### How to complete this task
Nothing but the line with "Chest Freezer for" and the lines after it, through the end of the records below, is to be repeated, exactly as it is.
—————
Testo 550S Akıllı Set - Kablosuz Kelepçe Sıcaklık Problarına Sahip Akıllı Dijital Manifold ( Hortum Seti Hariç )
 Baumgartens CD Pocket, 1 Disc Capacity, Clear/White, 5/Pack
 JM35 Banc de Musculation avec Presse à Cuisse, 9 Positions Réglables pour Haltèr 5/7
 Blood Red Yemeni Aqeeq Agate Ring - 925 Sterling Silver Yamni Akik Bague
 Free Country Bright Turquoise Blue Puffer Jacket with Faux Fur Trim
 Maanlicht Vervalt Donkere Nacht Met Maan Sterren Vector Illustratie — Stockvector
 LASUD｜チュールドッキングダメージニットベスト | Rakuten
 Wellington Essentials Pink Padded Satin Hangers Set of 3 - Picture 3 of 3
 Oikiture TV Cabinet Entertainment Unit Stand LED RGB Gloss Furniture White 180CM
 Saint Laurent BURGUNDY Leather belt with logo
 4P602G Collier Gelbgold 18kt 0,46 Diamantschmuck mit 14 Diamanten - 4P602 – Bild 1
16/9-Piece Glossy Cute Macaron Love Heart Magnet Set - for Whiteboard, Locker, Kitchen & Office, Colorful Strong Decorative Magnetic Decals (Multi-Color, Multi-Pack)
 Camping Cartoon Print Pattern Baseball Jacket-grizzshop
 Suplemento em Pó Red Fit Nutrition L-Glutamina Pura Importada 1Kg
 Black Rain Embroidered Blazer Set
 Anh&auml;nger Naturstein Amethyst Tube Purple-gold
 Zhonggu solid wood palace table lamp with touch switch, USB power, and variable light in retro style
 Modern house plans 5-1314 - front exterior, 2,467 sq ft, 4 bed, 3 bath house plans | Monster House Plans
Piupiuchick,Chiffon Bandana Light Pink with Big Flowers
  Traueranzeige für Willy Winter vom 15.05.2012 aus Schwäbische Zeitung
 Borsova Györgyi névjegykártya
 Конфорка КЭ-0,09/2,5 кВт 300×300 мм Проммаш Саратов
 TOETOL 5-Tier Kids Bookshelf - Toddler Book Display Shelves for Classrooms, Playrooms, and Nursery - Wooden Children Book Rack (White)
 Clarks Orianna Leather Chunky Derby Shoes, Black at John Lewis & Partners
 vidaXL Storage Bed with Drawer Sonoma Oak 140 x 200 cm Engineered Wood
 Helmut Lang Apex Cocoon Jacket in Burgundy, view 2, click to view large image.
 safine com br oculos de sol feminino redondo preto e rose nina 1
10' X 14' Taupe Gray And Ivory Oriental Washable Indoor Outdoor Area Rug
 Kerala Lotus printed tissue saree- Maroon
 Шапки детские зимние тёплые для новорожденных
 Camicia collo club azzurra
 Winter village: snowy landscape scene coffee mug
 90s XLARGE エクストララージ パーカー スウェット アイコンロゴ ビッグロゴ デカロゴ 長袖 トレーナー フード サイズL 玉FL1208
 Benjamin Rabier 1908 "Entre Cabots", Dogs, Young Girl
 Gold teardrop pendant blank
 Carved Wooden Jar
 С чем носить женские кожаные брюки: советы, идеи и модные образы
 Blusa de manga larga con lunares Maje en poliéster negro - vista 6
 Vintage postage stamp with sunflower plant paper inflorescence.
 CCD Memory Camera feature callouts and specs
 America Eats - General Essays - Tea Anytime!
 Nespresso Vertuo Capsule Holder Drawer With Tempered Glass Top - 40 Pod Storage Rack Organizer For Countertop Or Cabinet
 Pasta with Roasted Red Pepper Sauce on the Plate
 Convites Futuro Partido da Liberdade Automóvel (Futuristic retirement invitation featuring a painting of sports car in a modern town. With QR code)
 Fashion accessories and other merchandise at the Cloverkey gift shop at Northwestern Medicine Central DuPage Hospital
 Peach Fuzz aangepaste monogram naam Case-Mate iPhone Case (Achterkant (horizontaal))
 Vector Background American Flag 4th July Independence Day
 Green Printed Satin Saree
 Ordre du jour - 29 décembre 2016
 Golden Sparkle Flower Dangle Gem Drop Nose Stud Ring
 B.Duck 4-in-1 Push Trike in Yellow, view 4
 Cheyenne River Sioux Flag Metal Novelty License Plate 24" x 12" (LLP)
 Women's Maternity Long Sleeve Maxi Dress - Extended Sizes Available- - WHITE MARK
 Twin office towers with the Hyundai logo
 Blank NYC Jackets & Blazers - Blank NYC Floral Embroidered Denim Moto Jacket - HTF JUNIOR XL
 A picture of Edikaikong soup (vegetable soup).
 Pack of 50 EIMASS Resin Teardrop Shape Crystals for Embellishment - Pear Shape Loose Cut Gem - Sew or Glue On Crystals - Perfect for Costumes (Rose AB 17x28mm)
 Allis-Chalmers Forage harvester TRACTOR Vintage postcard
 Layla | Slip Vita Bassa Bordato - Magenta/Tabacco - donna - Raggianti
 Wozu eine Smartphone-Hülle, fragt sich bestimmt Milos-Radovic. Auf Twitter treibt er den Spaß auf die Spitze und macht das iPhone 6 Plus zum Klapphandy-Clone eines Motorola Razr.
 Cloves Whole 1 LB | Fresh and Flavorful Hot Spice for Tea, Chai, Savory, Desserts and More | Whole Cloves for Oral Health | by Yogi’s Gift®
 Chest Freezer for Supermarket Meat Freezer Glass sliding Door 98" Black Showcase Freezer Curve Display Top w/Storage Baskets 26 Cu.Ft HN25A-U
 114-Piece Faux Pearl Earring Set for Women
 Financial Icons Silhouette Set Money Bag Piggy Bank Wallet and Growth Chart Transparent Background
—————
### Task result
 Chest Freezer for Supermarket Meat Freezer Glass sliding Door 98" Black Showcase Freezer Curve Display Top w/Storage Baskets 26 Cu.Ft HN25A-U
 114-Piece Faux Pearl Earring Set for Women
 Financial Icons Silhouette Set Money Bag Piggy Bank Wallet and Growth Chart Transparent Background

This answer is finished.